Customer experience management (CEM) emerged as the top driver of service provider IT investments in 2014, according to Ovum’s ICT Enterprise Insights report. Senior IT professionals are reporting a long-term shift in spending towards customer-focused processes and systems with the specific goal of improving customer satisfaction. As the market for connected services and applications explodes, service providers are adjusting their approach to customers and engaging partners to meet demand and deliver content.

Communication networks and service providers have crossed a threshold from delivering unique, innovative technology to that of delivering necessary infrastructure. Communications is now an integral part of every business and home and as important as power, buildings and machinery. This changes the relationship between customers and service providers. Quality is the only metric that matters in future service provider operations. The quality of the product, support, devices, applications, activation, billing, website and every other aspect of a user’s experience will contribute to their decision to stay with a provider or churn. Connectivity is only part of the product.

If network access is assumed and connectivity is commoditized, the only differentiator for competing service providers, over-the-top providers, and content providers is customer experience. Lines are blurred between services and applications, but one thing is certain – across all networks and all devices – customers want video.


In order for service providers to ensure a quality customer experience, monetize video services, and optimize existing investments in infrastructure and systems, they need to do a better job of understanding and monitoring the performance of video infrastructure and services.

Video is Visceral

Unlike most connected services and applications, video requires more customer engagement for a longer period of time and as customers become engrossed in a favorite movie or live sporting event, there’s nothing worse than a picture that jumps, stalls, or disappears completely. Maintaining quality of service (QoS) across multiple screens for the duration of live or streaming video programming is more complex than assuring voice or data services.

Customers view video on anything from a two inch smart phone to a 70+ inch flat screen; and because the screens are top quality, expectations are that the video viewing experience will be as well. Across these various screens, service providers must maintain an acceptable level of quality. And yet, what passes for acceptable on a smartphone is entirely different than what customers expect to see on the big screen in their living room. By understanding what device is in use, what network is in use, and what content is being viewed, service levels can be maintained for each individual viewing experience.

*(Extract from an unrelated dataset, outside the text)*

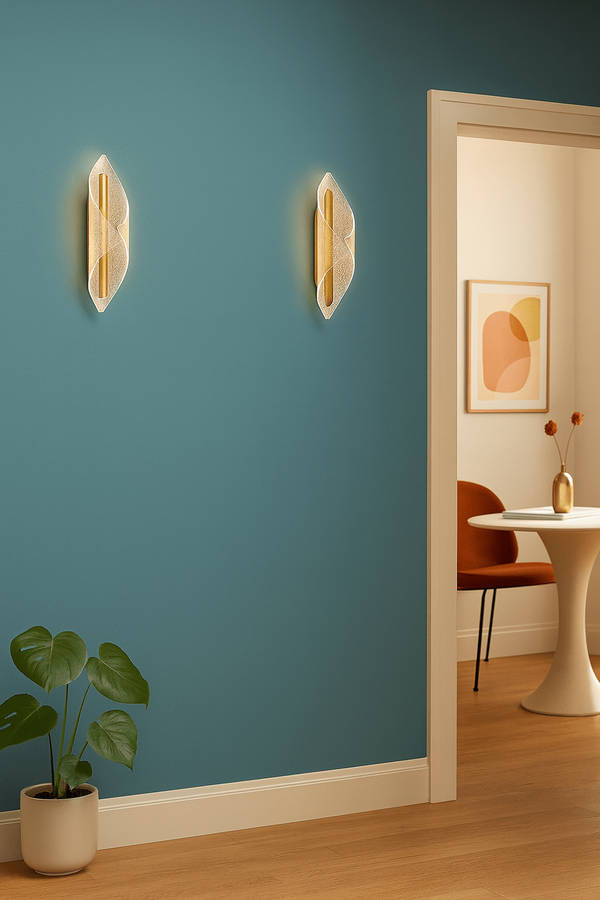 Medium Cocoon Acrylic LED Wall Light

For service providers, ensuring a quality customer experience when using video takes specialized tools that measure a multitude of video-specific quality metrics. Using advanced analytics, service providers can understand the unique factors that affect video service delivery and performance. Analytics is a broad capability that can be applied to any business function, process or data source. However, when using analytics to predict video service quality, the very broad and very complex must be focused on tactical processes and actionable outcomes.